Image is taken from “Sudhagar, A.; Kumar, G.; El-Matbouli, M. Transcriptome Analysis Based on RNA-Seq in Understanding Pathogenic Mechanisms of Diseases and the Immune System of Fish: A Comprehensive Review. Int. J. Mol. Sci. 2018, 19, 245. https://doi.org/10.3390/ijms19010245” under CC-BY license
Question
What is a cDNA library prepration, and why it is used in the bulk RNA-seq?
Solution
RNA is reverse transcribed to cDNA because DNA is more stable and to allow for amplification (which uses DNA polymerases) and leverage more mature DNA sequencing technology. While direct sequencing of RNA molecules is possible, most RNA-Seq experiments are carried out on instruments that sequence DNA molecules due to the technical maturity of commercial instruments designed for DNA-based sequencing. Therefore, cDNA library preparation from RNA is a required step for RNA-Seq. Each cDNA in an RNA-Seq library is composed of a cDNA insert of certain size flanked by adapter sequences, as required for amplification and sequencing on a specific platform.
Pitfall of bulk RNA-seq
- Bulk RNA-seq only provide the average measurement for all the cells. It does not provide insights into the stochastic nature of gene expression. The image below show that although average can be the same, the appearance of the dataset can be vary dramatically which means that average can be misleading and meaningless.
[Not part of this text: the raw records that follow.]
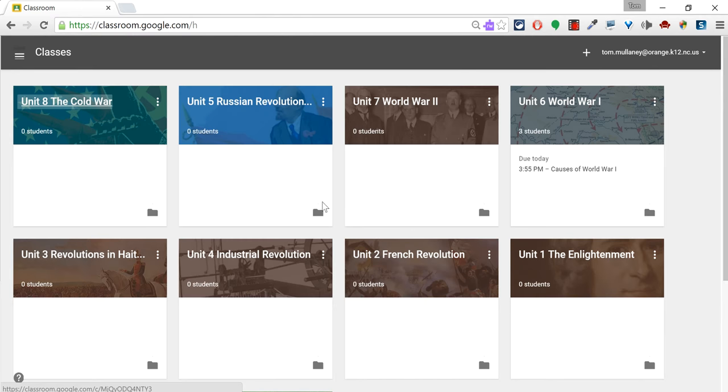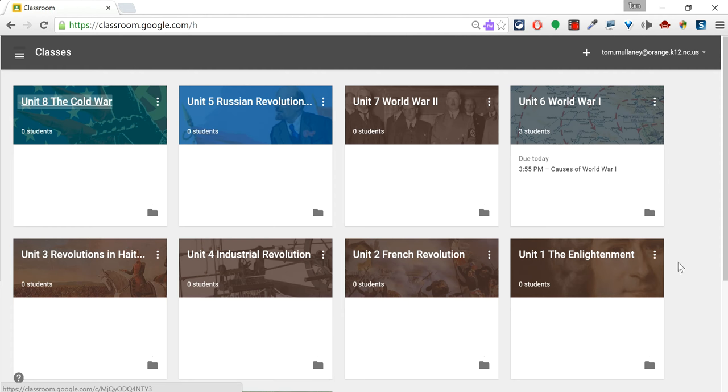And so that's organizing Google Classroom by unit so that students can then go back and access earlier content very easily.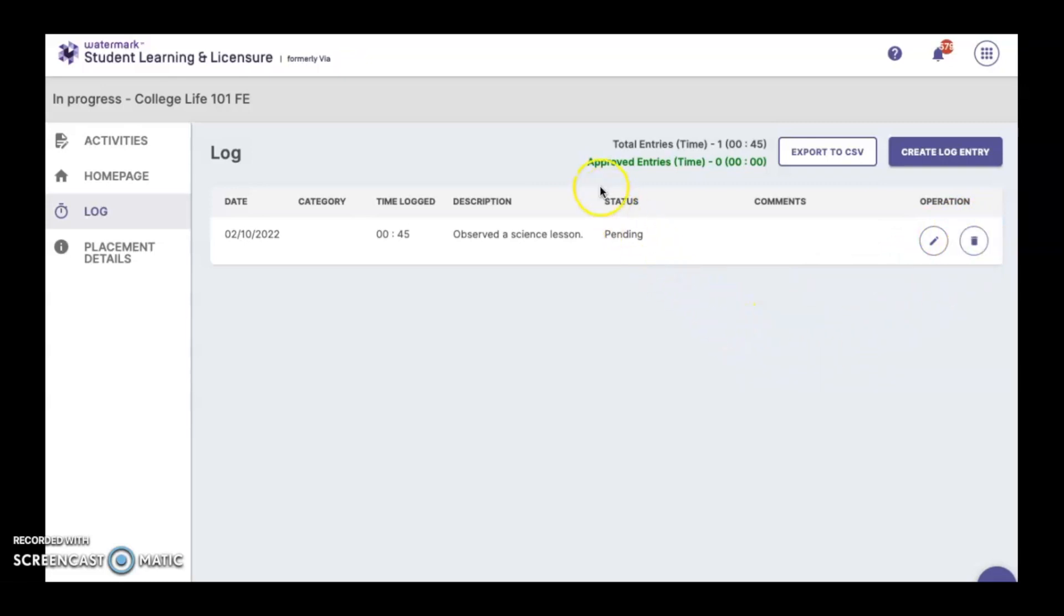This page also has a running total of the number of entries that you've made, in this case one, and also a running total of the total number of minutes or hours spent in the class, in this case 45.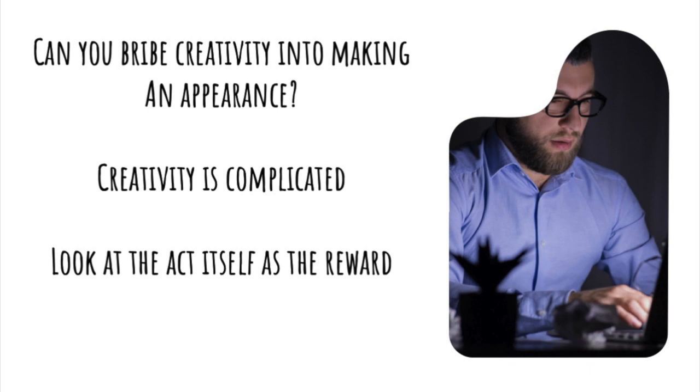Rather than worrying about what you'll get out of being creative, start looking at the creative act itself as being the reward.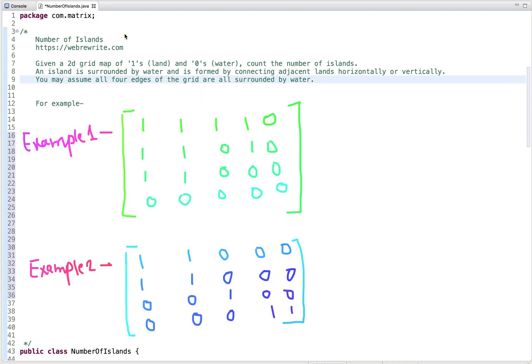In this tutorial I am going to discuss a programming question: Number of Islands. The problem statement is: given a 2D grid map of ones and zeros, where ones represent land and zeros represent water, we have to write a code to count the number of islands. An island is surrounded by water and is formed by connecting adjacent lands horizontally or vertically. You may assume all four edges of the grid are surrounded by water.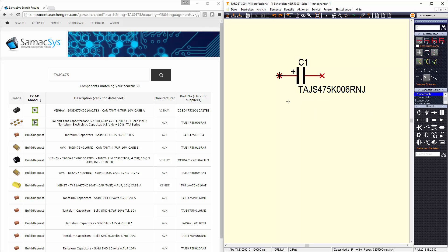The quality of the symbols and IPC compliant footprints is what Symaxis pride themselves on. We understand that the library data must be of the highest quality, so that is where we focus our engineering effort.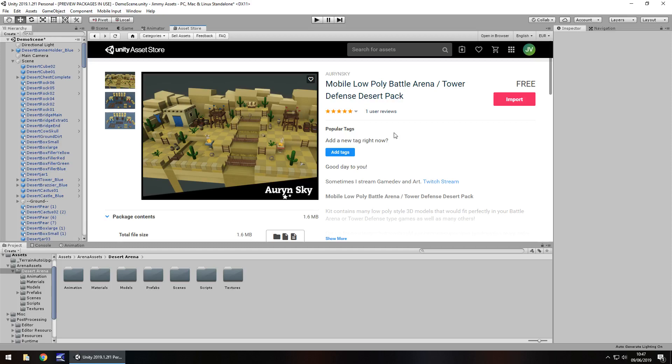Hey guys, Jimmy Vegas here and today we're taking a look at an asset in the Unity Asset Store called Mobile Low Poly Battle Arena Tower Defense Desert Pack. A bit of a long title but it gets to the point eventually, yep it's a desert pack.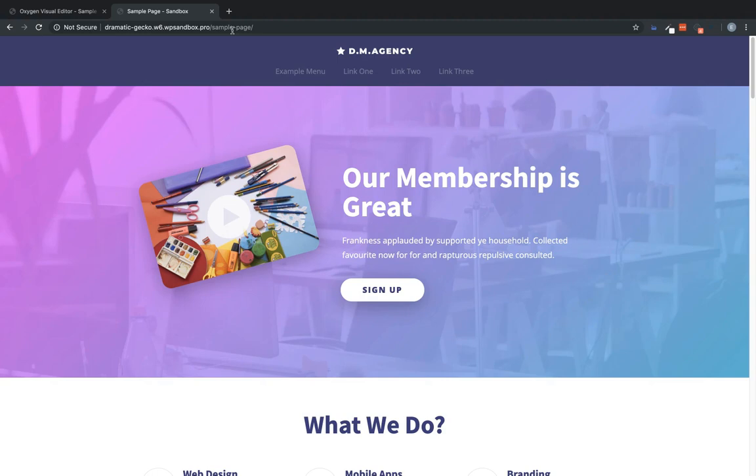So again, this is Elijah with the Oxygen team. And that's how to show content based on whether a user is logged in or logged out using the conditions feature in Oxygen 2.4. Thank you very much for watching.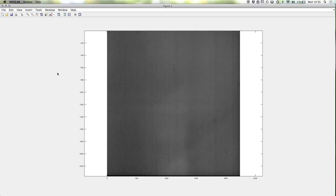This shading image is also taken as an average of 100 images with no object in the way, and we use it for calibrating for the empty space.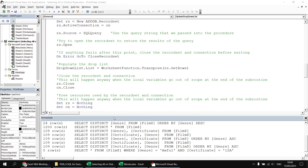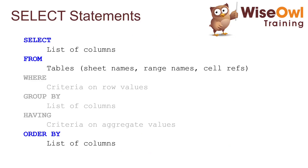So there you are - that's how you use the DISTINCT keyword to return a set of unique rows and why you might find that useful. In the next part of the series, we're going to go into more detail on the WHERE clause to apply criteria to the rows we want to return. Thanks very much for watching. See you next time.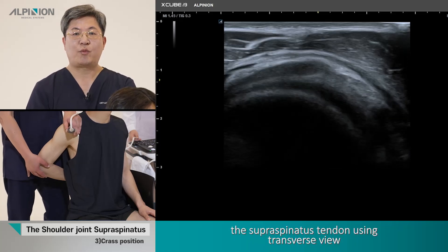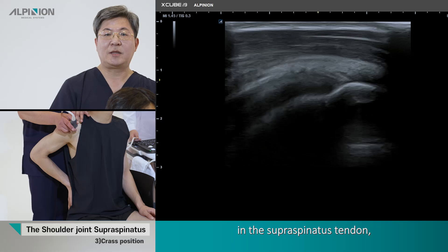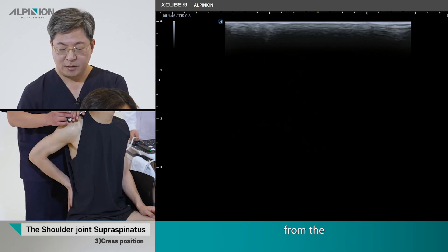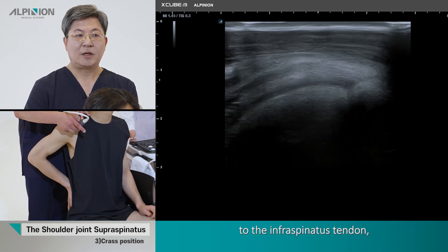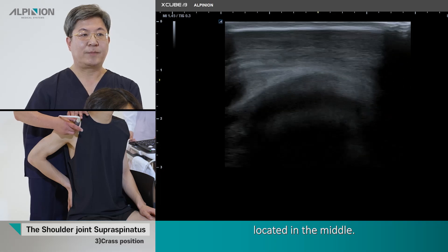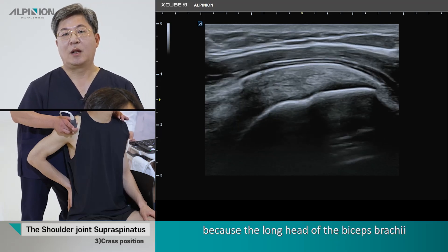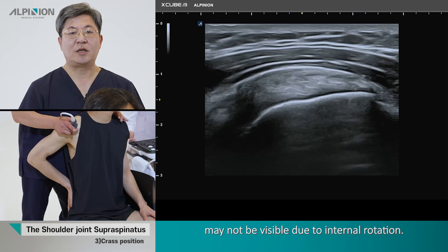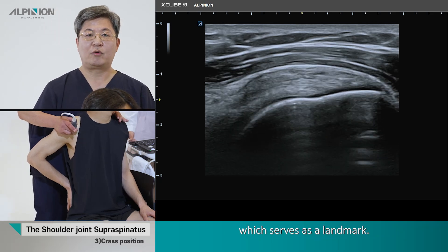After examining the supraspinous tendon using the transverse view, these images determine to some extent whether there is an abnormality in the supraspinous tendon. The longitudinal image is performed in the Middleton position, scanning from the long head tendon of the biceps brachii to the infraspinous tendon, covering all parts of the supraspinous tendon located in between. The cross position is not suitable for testing the long axis of the supraspinous tendon because the long head of the biceps brachii and the anterior aspect of the supraspinous tendon may not be visible due to internal rotation. It is important to observe the long head of the biceps brachii tendon, which serves as a crucial landmark.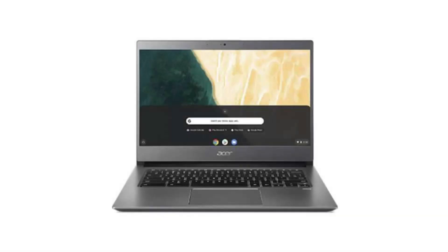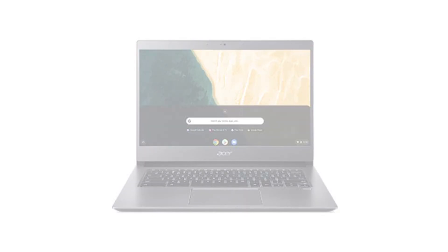Today we are looking at the Acer Chromebook 714. It has a classic design, a business look, and it is rounded off with an all-aluminum chassis.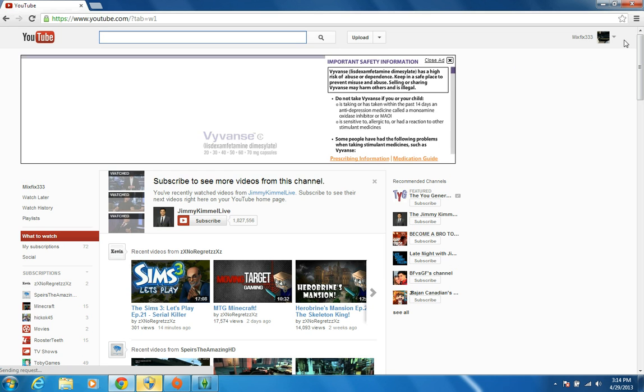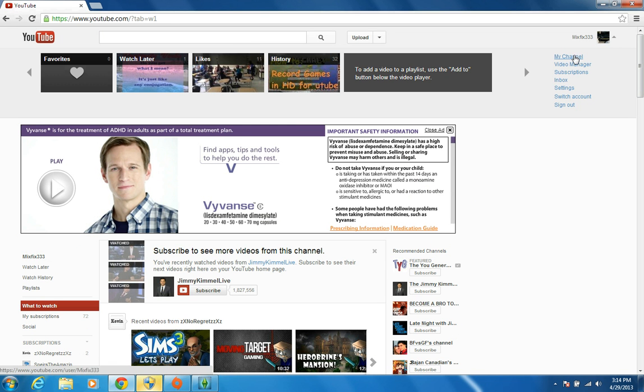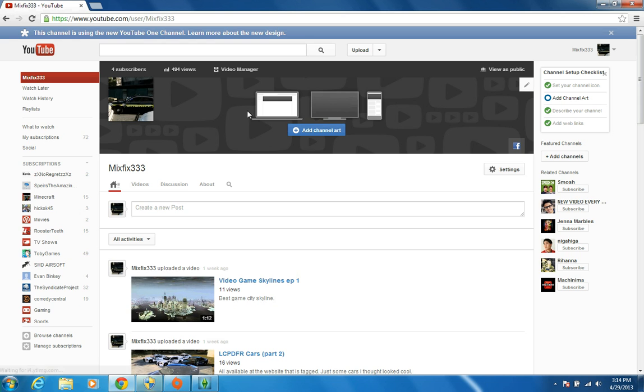And also here, I'm having some problems, I'm not really getting that many views, 494 total.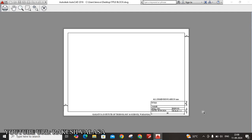Hello everyone. Welcome to AutoCAD Tutorials. I am Rakesh Valsa. In this video lecture, I will tell you how to create title block in AutoCAD software. You can see here, this is the title block for A4 drawing sheet.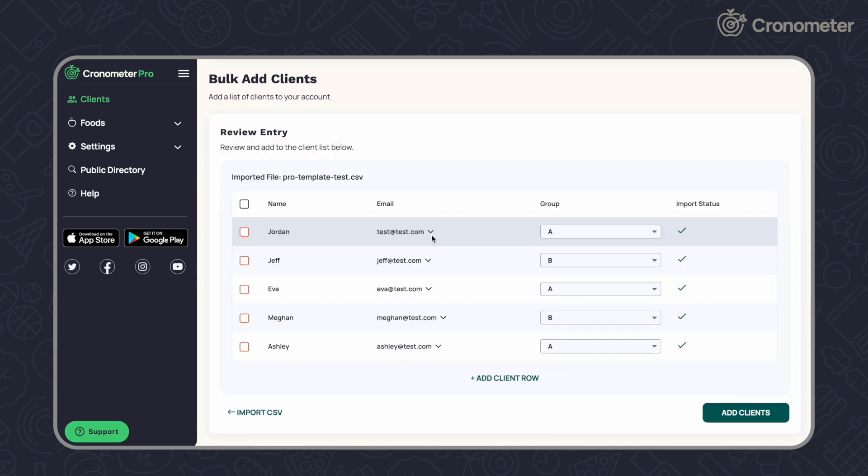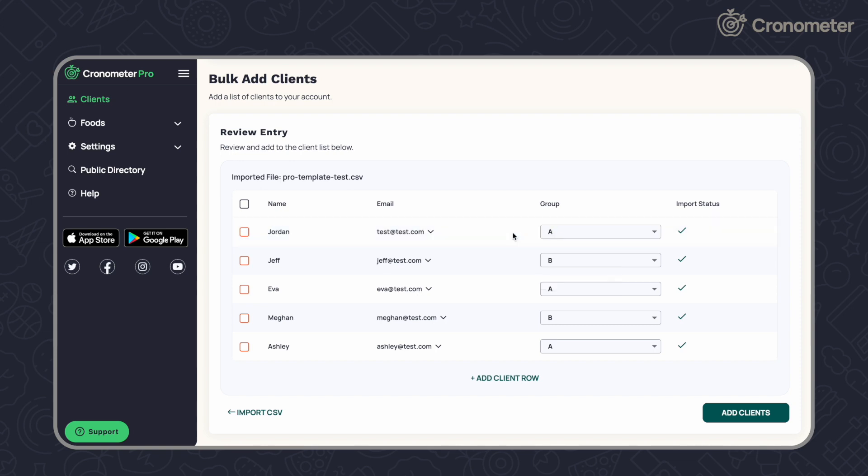Once a CSV file has been uploaded, review the information to make sure your client's name, email address, and group are all correct. If the client group referenced in the CSV does not already exist, it will be created for you upon import.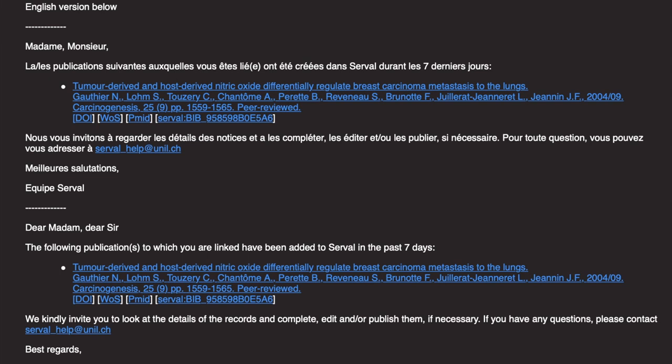Here's an example of an email. It informs you of the publications that have been created and linked to you in the past seven days. In order to check the content you can simply click on the link.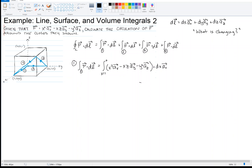The dot product obeys the distributive law, so I can distribute it in. The unit vector ax is orthogonal to ay, so ay dotted with ax gives 0, and az dotted with ax also gives 0. The only non-zero result is ax dotted with ax, which equals 1 since ax is a unit vector. So the integral simplifies to integrating x² dx from 1 to 0. That gives 1/3 x³ evaluated from 1 to 0, which equals negative 1/3.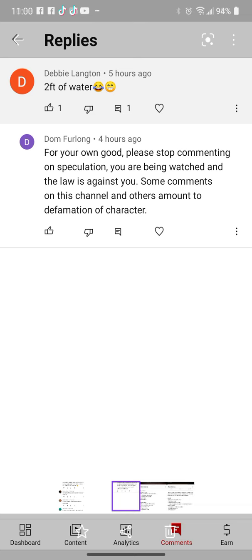Yeah, some comments on this channel and others amount to defamation of character. Well, you know what? If the law is against me, oh fucking well, okay? Because I don't do nothing wrong. I call out bullshit when I see bullshit, like I'm calling out your bullshit.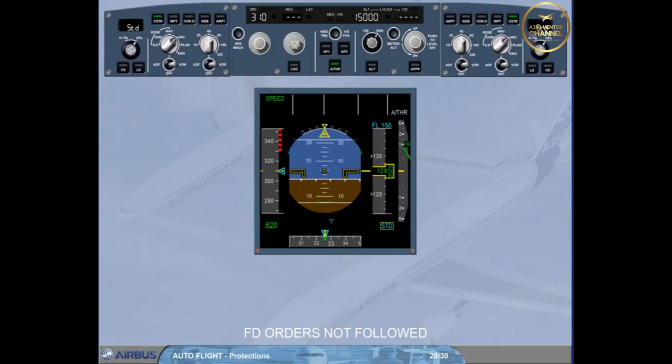Note: depending on the aircraft configuration, VMAX can be VMO, VLE, or VFE.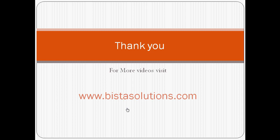You can visit our website that's www.bistasolutions.com for more videos and thank you for watching.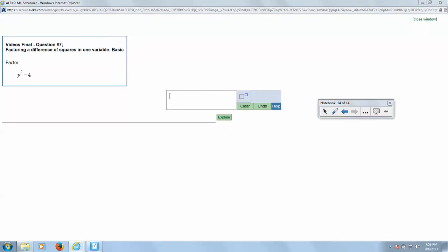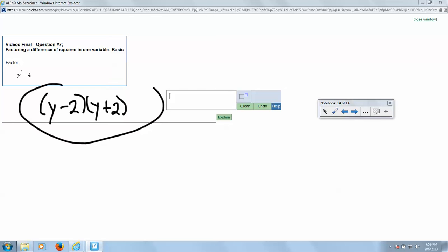Okay, for this one, when we go to factor it into the two parentheses, we get Y and Y. Factors of 2, or I'm sorry, factors of negative 4. So we have negative 4 and negative 2 and positive 2. And that's going to be our answer for this one. When we check it, make sure...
This dataset above has always the same mean (X Mean:54.26, Y Mean: 47.83, X SD:16.76, Y SD:26.93, Corr:-0.06) but varied appearance - Taken from Justin Matejka and George Fitzmaurice (Autodesk Research, Toronto)
- Insufficient for studying heterogeneous systems, e.g. early development studies, complex tissues (brain)
Image is taken from https://doi.org/10.1161/CIRCULATIONAHA.119.041433 under CC-BY license
Therefore, scRNA-seq was introduced to overcome the limitations of bulk RNA-seq.
Question
What do we mean by “stochastic nature of gene expression”?
Solution
It means that there are fluctuations in the abundance of expressed genes at the single-cell level because of the heterogeneity within populations of genetically identical cells.
Kærn, M., Elston, T., Blake, W. et al. Stochasticity in gene expression: from theories to phenotypes. Nat Rev Genet 6, 451–464 (2005). https://doi.org/10.1038/nrg1615
- Even Though cell lines might seem more homogenous than tissue. They undergoes cell cycle heterogeneity, which can’t be taken into account during bulk RNA-seq
Image is taken from jackwestin.com under CC-BY license
Introduction to single-cell RNA-seq
The main difference between bulk and single-cell RNA-seq (scRNA-seq) is that each sequencing library represents a single cell, instead of a population of cells. Bulk sample analysis is just like putting a fruit salad into a blender - the taste is an average of all ingredients. Analyzing single cells is like tasting each individual piece of fruit to gain a much more nuanced understanding of the composition of the fruit salad Single cell genomics
The advantages of using scRNA-seq
- It allows the measurement of the distribution of expression levels for each gene across a population of cells.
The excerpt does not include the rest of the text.